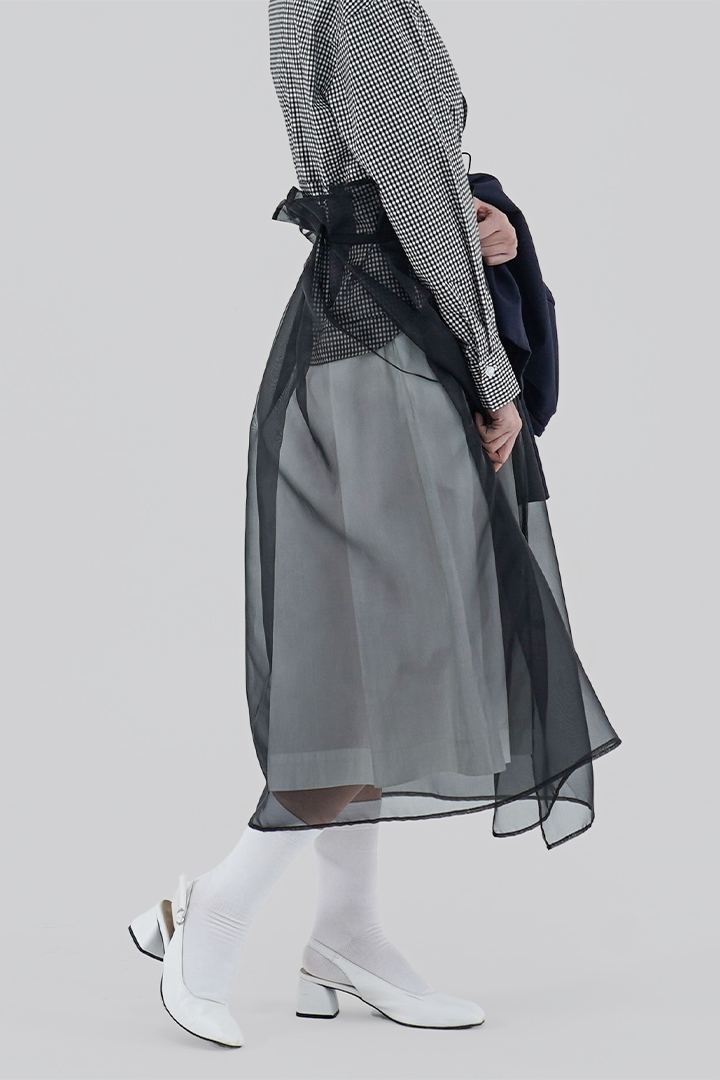Black Charlock No-Bang See-Through Skirt by Ahhorn, lightweight and sheer bottoms with a stylish, see-through design.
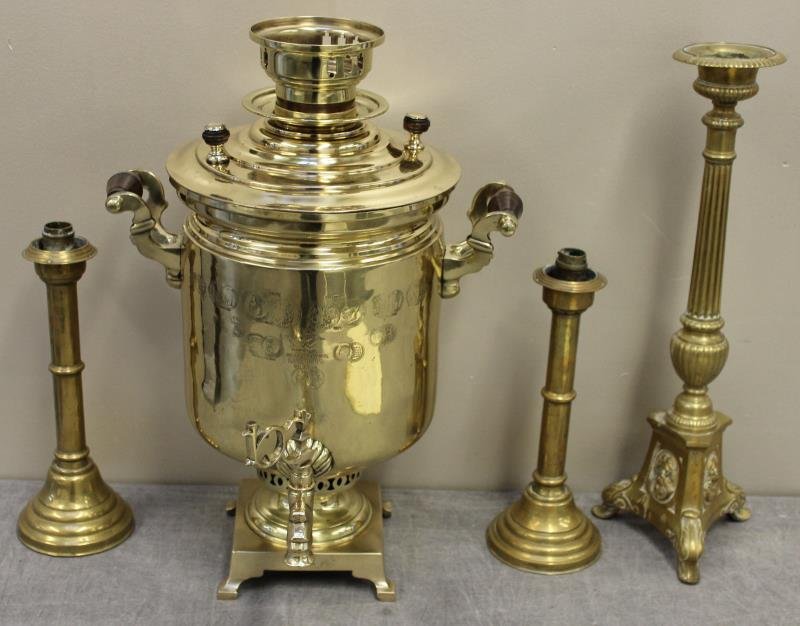 Antique Russian Brass Lot.: Includes a heavily stamped and dated Samovar, a pair of signed candlesticks, and an altar candlestick. From a Norwalk, CT estate. Dimensions: samovar - 14" w x 20.5" h. Condition: Samovar with spigot 
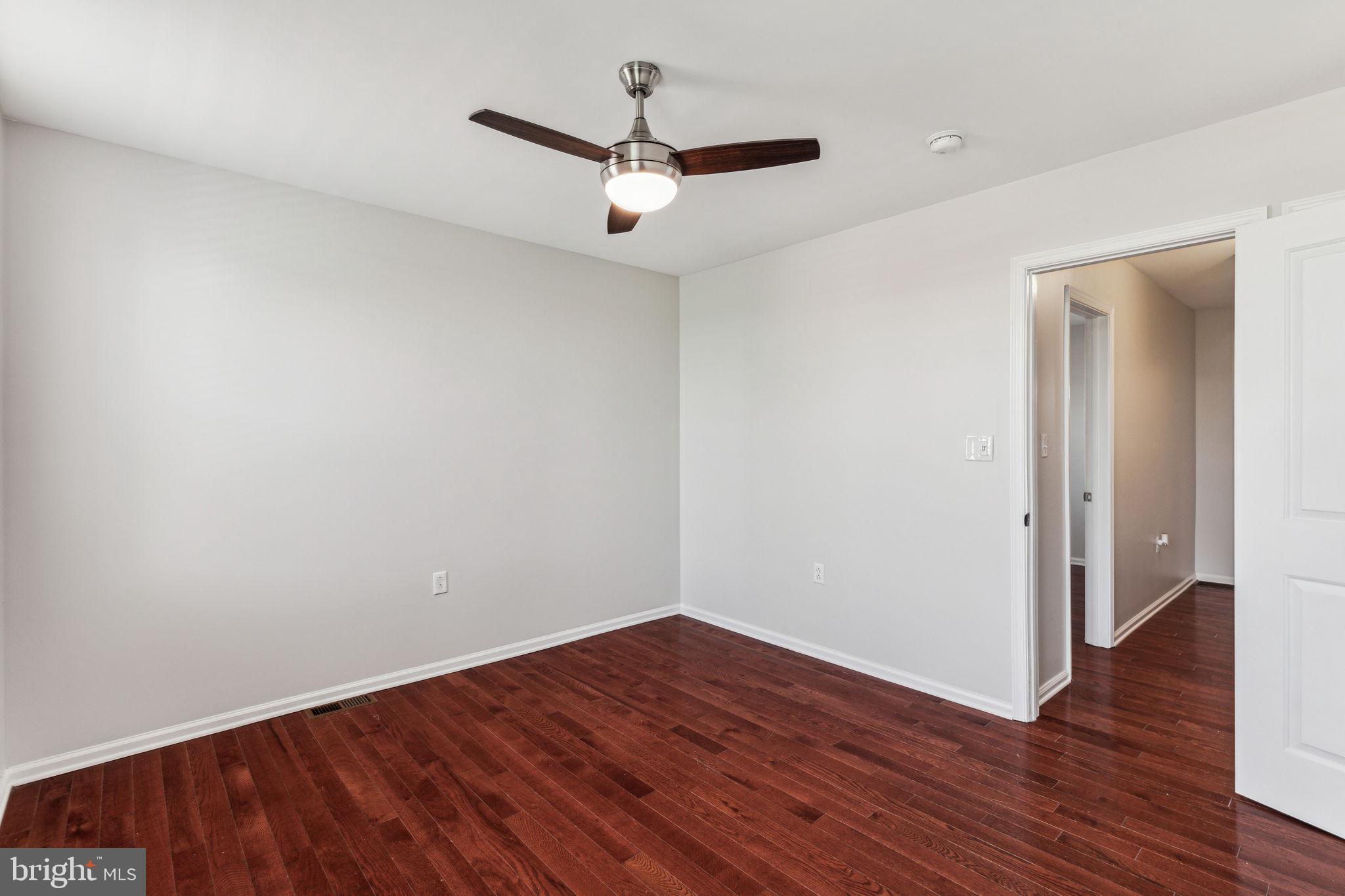 3131 Edgemont Street Philadelphia, PA 19134 - Photo 31 of 39 an empty room with wooden floor and a ceiling fan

» **What the task requires**:
Write the data out again word for word; leave the pictures behind.

» **Response to this task**:
Black Charlock No-Bang See-Through Skirt by Ahhorn, lightweight and sheer bottoms with a stylish, see-through design.
 Antique Russian Brass Lot.: Includes a heavily stamped and dated Samovar, a pair of signed candlesticks, and an altar candlestick. From a Norwalk, CT estate. Dimensions: samovar - 14" w x 20.5" h. Condition: Samovar with spigot 
 3131 Edgemont Street Philadelphia, PA 19134 - Photo 31 of 39 an empty room with wooden floor and a ceiling fan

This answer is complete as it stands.